“No princípio era o Verbo, e o Verbo estava com Deus e o Verbo era Deus”.
Este é o primeiro de uma série de vídeos em que estudaremos o Evangelho de João. Os Evangelhos são mananciais inesgotáveis de sabedoria divina. Se olharmos por trás das letras mortas, encontraremos importantes simbolismos que nos oferecem a chave para muitas das nossas maiores dúvidas filosófico-existenciais.
Este estudo é elaborado a partir da análise de mais de 10 traduções do Evangelho de João para o português, de comentários de especialistas, além da análise minuciosa dos textos gregos, idioma em que foram escritos os Evangelhos. Em muitos casos, oferecemos traduções que nos parecem mais adequadas ao nosso grau de entendimento atual.
Neste 1º vídeo, estudamos João 1:1-5. Como cristão e espírita, minha visão sobre este Evangelho, embora possa não ser do seu agrado, certamente é inovadora.
Abaixo você pode ler todo o texto do vídeo.
JOÃO 1:1-5
- No princípio era o Verbo, e o Verbo estava com Deus, e o Verbo era Deus.
- Ele estava no princípio com Deus.
- Todas as coisas foram feitas por ele, e sem ele nada do que foi feito se fez.
- Nele estava a vida, e a vida era a luz dos homens.
- E a luz resplandece nas trevas, e as trevas não a compreenderam.
Nestes versículos que se concentra a maior polêmica do Novo Testamento. Baseada nestes versículos, a maior parte dos cristãos sustenta, há séculos, a divindade de Jesus. Ao longo deste estudo chamaremos a atenção para as muitas passagens em que Jesus deixa claro que ele não é Deus.
Os biblistas que consultamos, além das próprias bíblias de estudo, são unânimes em afirmar que este prólogo do Evangelho de João era um hino já conhecido na época em que este Evangelho foi escrito. João o inseriu como abertura para o seu Evangelho.
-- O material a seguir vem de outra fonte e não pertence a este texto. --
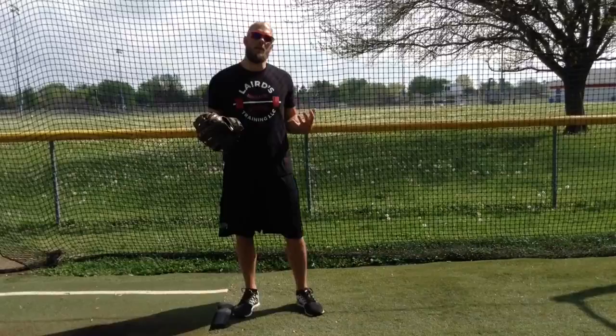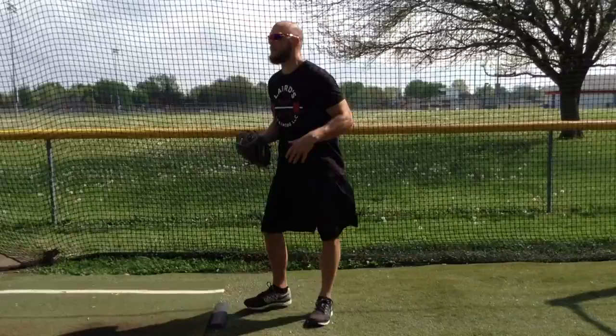Ball Pickup Drill. This drill is to make sure that we have dynamic balance and a good posture when we're pitching.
“No princípio era o Verbo, e o Verbo estava com Deus, e o Verbo era Deus” – esse primeiro versículo é suficiente, para milhões e milhões de cristãos, para provar que Jesus é Deus, que o próprio Deus Creador do Universo infinito encarnou entre os habitantes de um minúsculo grão de poeira chamado planeta Terra.
Grandes pensadores, como Masaharu Taniguchi, fundador da Seicho-no-ie, e Carlos Torres Pastorino, que tem uma obra monumental, defendem que o Verbo é Deus Pai, pois verbo é ação.
Verbo é ação, e o pai se caracteriza pela ação, pois é o pai quem crea. O pai é a atividade, o filho é a passividade – o filho sofre a ação de ser creado.
O argumento é válido, mas ele não leva em consideração que a palavra portuguesa verbo é apenas a tradução da palavra grega logos. O Evangelho foi escrito em grego. O grego era o idioma oficial das cerimônias religiosas até o surgimento da Vulgata, a tradução da Bíblia para o latim feita por São Jerônimo.
No grego a palavra que é traduzida como verbo é logos. E logos tem um sentido muito mais abrangente do que verbo.
Não podemos esquecer que João escreveu o seu Evangelho em Éfeso, a mesma cidade em que surgiu a primeira teoria do logos, com Heráclito de Éfeso, 500 anos A.C.
Heráclito é o autor da famosa ideia que diz que um homem não pode parar no mesmo rio duas vezes, pois a água está sempre se movendo, então o rio já não será mais o mesmo, e o próprio homem também está constantemente mudando e já não será o mesmo homem.
Mas, para Heráclito, existe um princípio eterno de ordem no Universo, um princípio que mantém as coisas ordenadamente, e este princípio é o logos, que neste sentido pode ser traduzido como “a razão do universo”.
O estoicismo grego, mais tarde, sustenta que o logos é a razão suprema do mundo, a razão que rege o Universo e que, ao mesmo tempo, está presente na razão humana. Para os estoicos, nada é mais divino do que o logos. Logos, para eles, significa razão.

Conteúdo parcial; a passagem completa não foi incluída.